|
Getting your Trinity Audio player ready...
|
Investors are anticipating peaceful general elections in Nigeria, following which a number of them are already taking position in equities, a development that is responsible for the increasing positive sentiment in the Nigerian capital market. Analysts are unanimous that foreign investors overpriced Nigerian political uncertainties into the equity market.
The All Share Index (ASI) which gauges the market momentum is gradually heading towards the positive territory as it closed at -0.01 percent after the fourth week of trading in 2019. ASI closed at 31, 426.63 basis points last Friday as against 31,430.50 basis points on the last trading day of 2018.
The number of stocks that have appreciated year to date rose to 38 as against 17 in the first week of this year. Also, 13 stocks had their prices remain unchanged, while 44 stocks shed various amounts in their prices.
Market capitalisation of quoted stocks rose to N11.71 trillion last week Friday compared with N11.72 trillion on the last trading day of 2018. The NSE Main Board Index, NSE Banking Index, NSE Lotus Islamic Index and NSE Industrial Index are the earliest sub sectoral indexes to return to the positive territory as they closed at 0.07 percent, 1.93 percent, 1.87 percent and 6.54 percent respectively.

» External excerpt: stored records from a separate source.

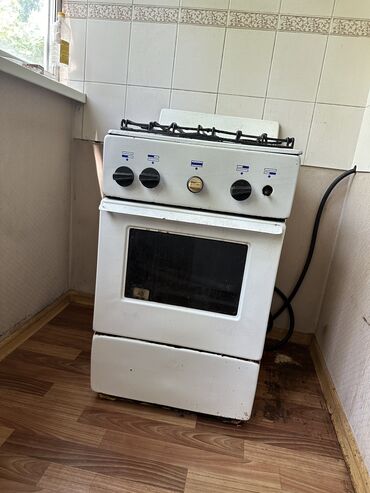 Кухонные плиты, духовки: Продается газовая плита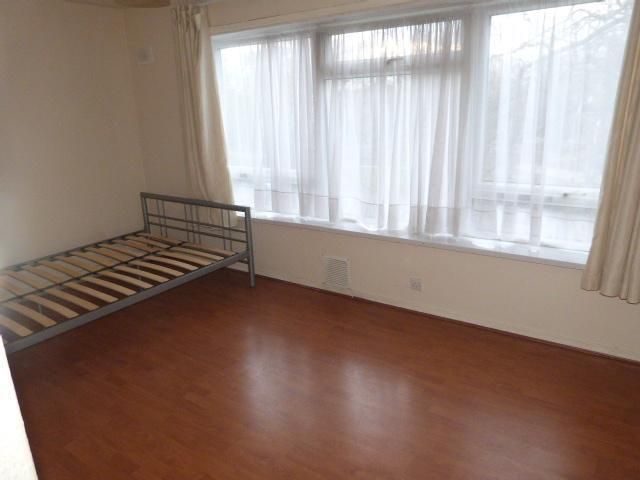 Property photo 2 of 5 Studio Room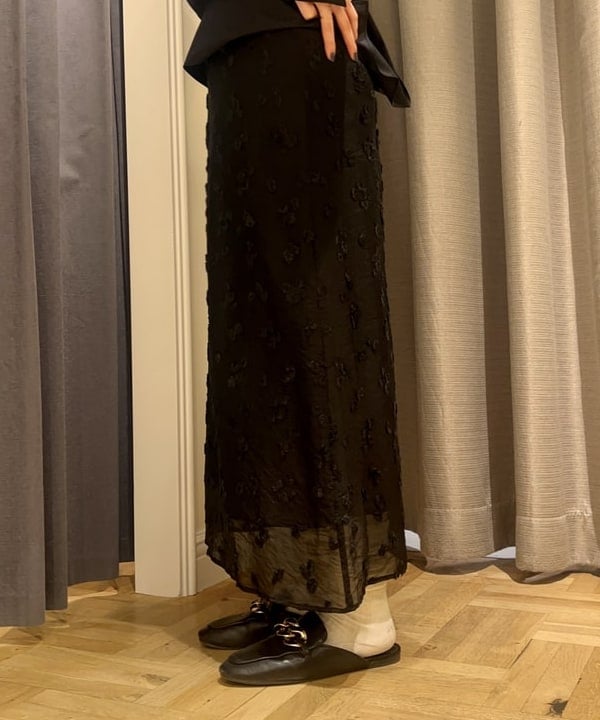 岡 妃呂美さんの「BEAMS WOMEN｜グログラン カラー ブラウス」を使ったコーディネート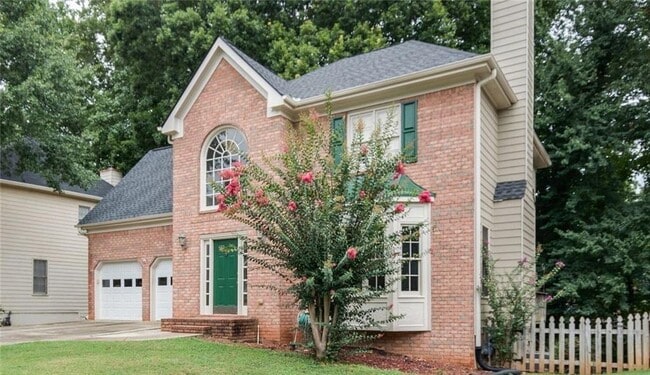 Photo - 1489 Justin Dr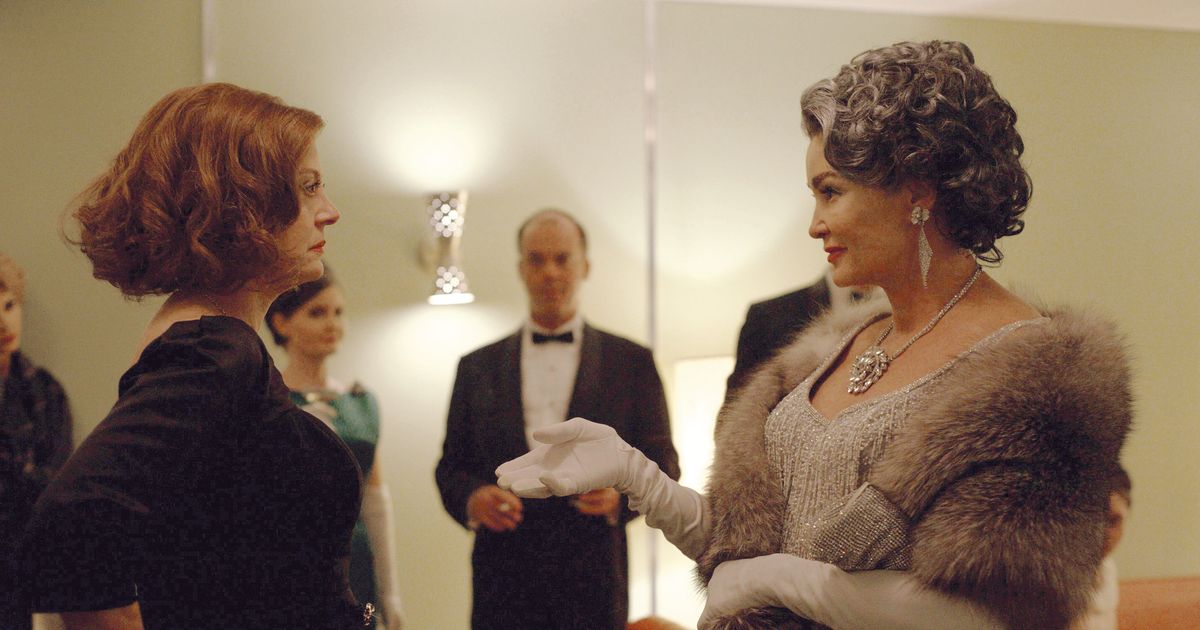 &lsquo;Feud: Bette and Joan&rsquo; Review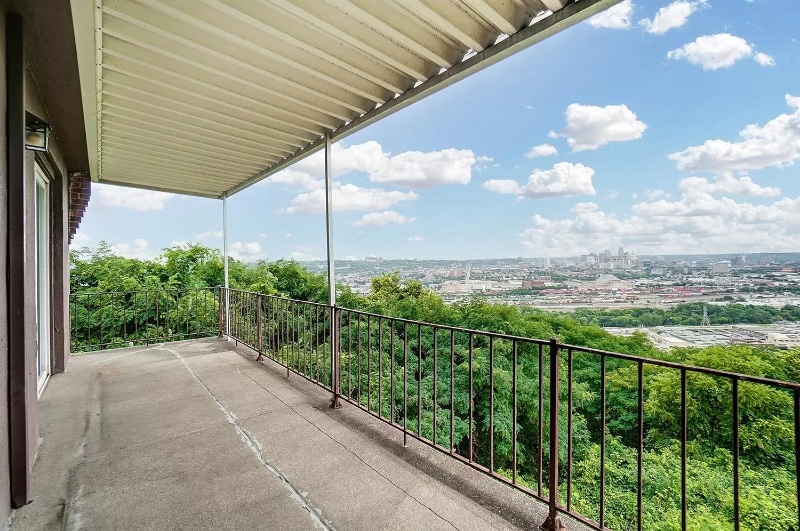 Building Photo - 2701 Lehman Rd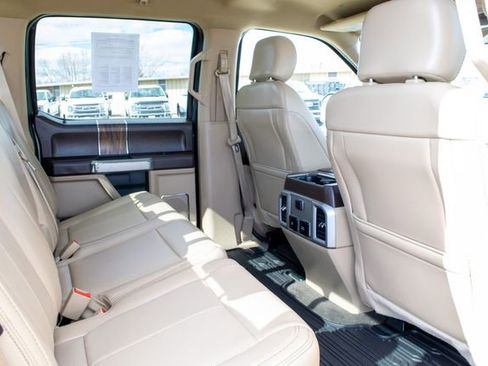 Used 2020 Ford F150 Lariat w/ Max Trailer Tow Package image 21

“The early birds are taking position in value stocks ahead of a justified post-election rally, with the conviction that the election would be seamless given the maturing democracy in Nigeria and the experience of 2015. More so, major parties contending at the national level both agree on the major problems facing the country and the need to execute reforms relevant to achieve the desired results.
“Hence savvy investors are taking early bets on the positive outlook on the country particularly as valuations of most counters are at notable discount to intrinsic values. Interestingly, the earning season is fast approaching and dividend yields are quite compelling at an average of 9 percent on many defensive stocks in the banking sector, with established dividend history”, said Rasak Abiola, head, investor relations at the United Bank for Africa(UBA) Plc.
“It is positioning ahead of the elections. The momentum towards the election is not coming with as much as apprehension as earlier anticipated”, said Kemi Akinde, senior analyst at Meristem Securities.
C & I Leasing led the gainers table by gaining 407.9 percent year to date. Royal Exchange rose by 40.9 percent year to date, and the construction giant Julius Berger garnered 39.3 percent year to date. Cement Company of Northern Nigeria (CCNN) was up by 23.7 percent while Fidelity Bank at 23.2 percent completes the top five most appreciated stocks year to date.
On the losers’ table are Law Union, UAC Property, GlaxoSmithKline, Beta Glass and Resort Savings. Law Union has shed 16.7 percent from its share price year to date. UAC Property shed 16.8 percent from its share price; GSK, -17.2 percent; Beta Glass, -19.5 percent and Resort Savings, -60 percent.